Nothing before the line containing "A painting depicting" belongs in the answer; quote that line and all lines after it through the end of the material, word for word.

═════ Source material

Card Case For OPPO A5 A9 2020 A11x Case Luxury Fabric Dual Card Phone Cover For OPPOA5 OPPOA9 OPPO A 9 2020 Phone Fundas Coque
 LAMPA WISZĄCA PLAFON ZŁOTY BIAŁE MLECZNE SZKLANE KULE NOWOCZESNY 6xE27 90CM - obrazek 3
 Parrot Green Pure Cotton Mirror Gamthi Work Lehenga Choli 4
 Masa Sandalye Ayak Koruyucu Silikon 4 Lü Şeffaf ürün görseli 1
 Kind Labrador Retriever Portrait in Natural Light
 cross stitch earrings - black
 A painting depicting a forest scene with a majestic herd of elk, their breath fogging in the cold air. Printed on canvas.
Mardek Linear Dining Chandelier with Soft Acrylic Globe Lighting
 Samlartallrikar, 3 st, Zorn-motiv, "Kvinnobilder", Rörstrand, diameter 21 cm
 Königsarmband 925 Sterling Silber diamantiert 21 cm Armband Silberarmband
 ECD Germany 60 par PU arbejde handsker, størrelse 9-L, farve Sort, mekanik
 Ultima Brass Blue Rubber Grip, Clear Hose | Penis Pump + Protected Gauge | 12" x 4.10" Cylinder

══════════

Reply:
 A painting depicting a forest scene with a majestic herd of elk, their breath fogging in the cold air. Printed on canvas.
Mardek Linear Dining Chandelier with Soft Acrylic Globe Lighting
 Samlartallrikar, 3 st, Zorn-motiv, "Kvinnobilder", Rörstrand, diameter 21 cm
 Königsarmband 925 Sterling Silber diamantiert 21 cm Armband Silberarmband
 ECD Germany 60 par PU arbejde handsker, størrelse 9-L, farve Sort, mekanik
 Ultima Brass Blue Rubber Grip, Clear Hose | Penis Pump + Protected Gauge | 12" x 4.10" Cylinder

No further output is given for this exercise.